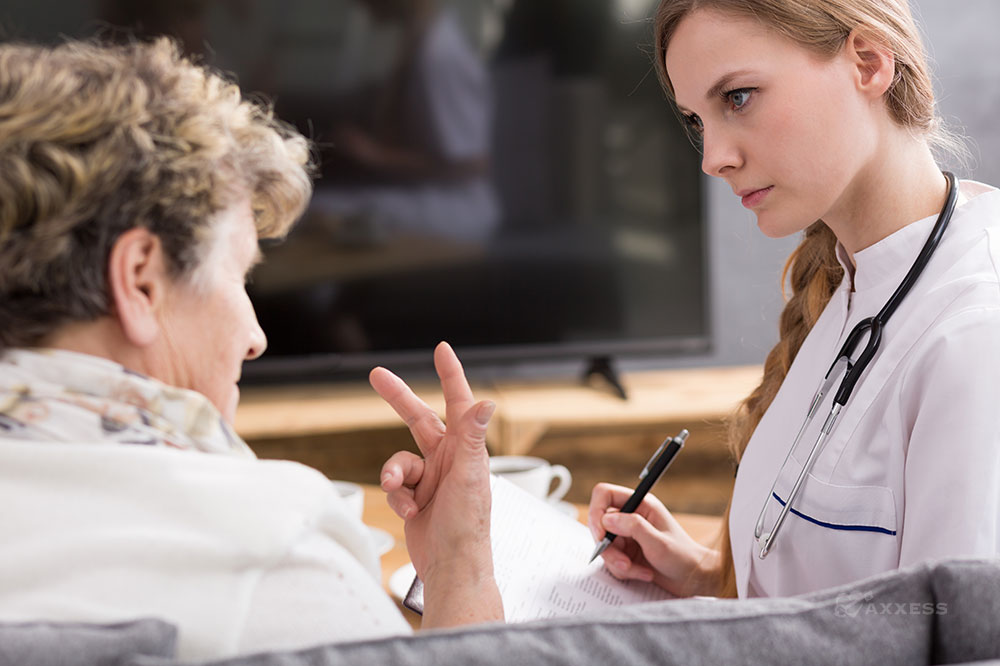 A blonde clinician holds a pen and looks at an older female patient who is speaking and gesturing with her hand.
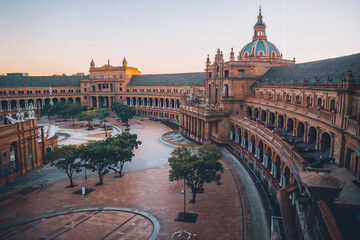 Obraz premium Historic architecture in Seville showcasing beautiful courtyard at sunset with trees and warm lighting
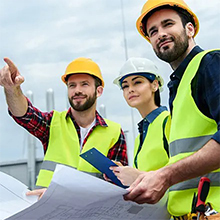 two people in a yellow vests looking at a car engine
--- --- ---
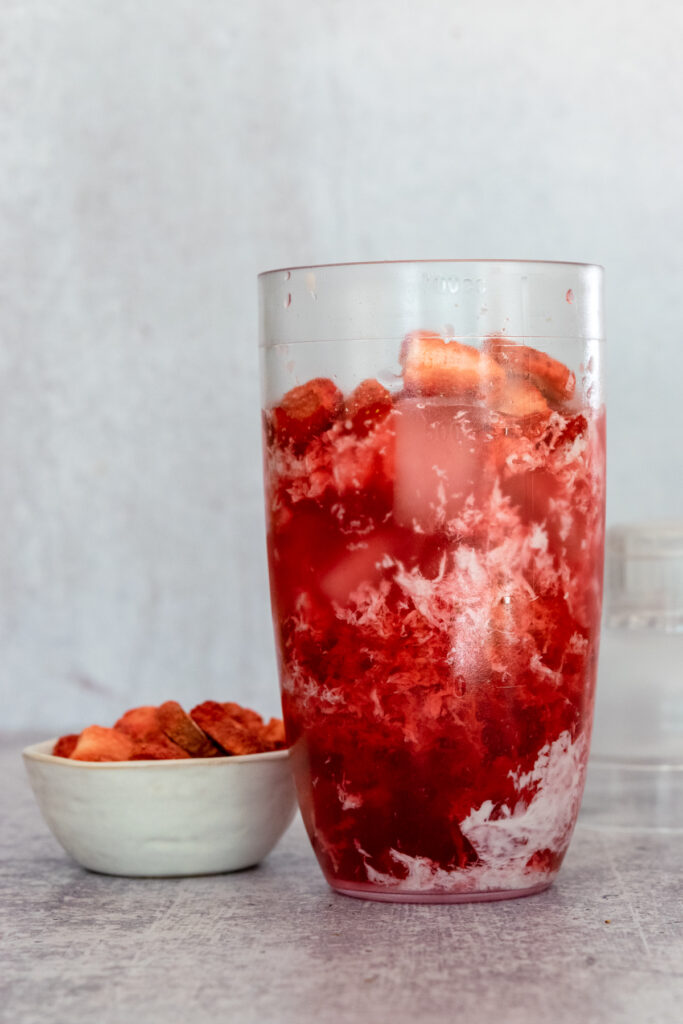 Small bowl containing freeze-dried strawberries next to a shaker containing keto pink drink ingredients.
--- --- ---
**Problem:**
Using the data above, give again exactly the lines starting at the one holding "A blonde clinician" and ending at the one holding "Obraz premium Historic", inclusive, and nothing more. Omit the pictures.

**Answer space:**
 A blonde clinician holds a pen and looks at an older female patient who is speaking and gesturing with her hand.
 Obraz premium Historic architecture in Seville showcasing beautiful courtyard at sunset with trees and warm lighting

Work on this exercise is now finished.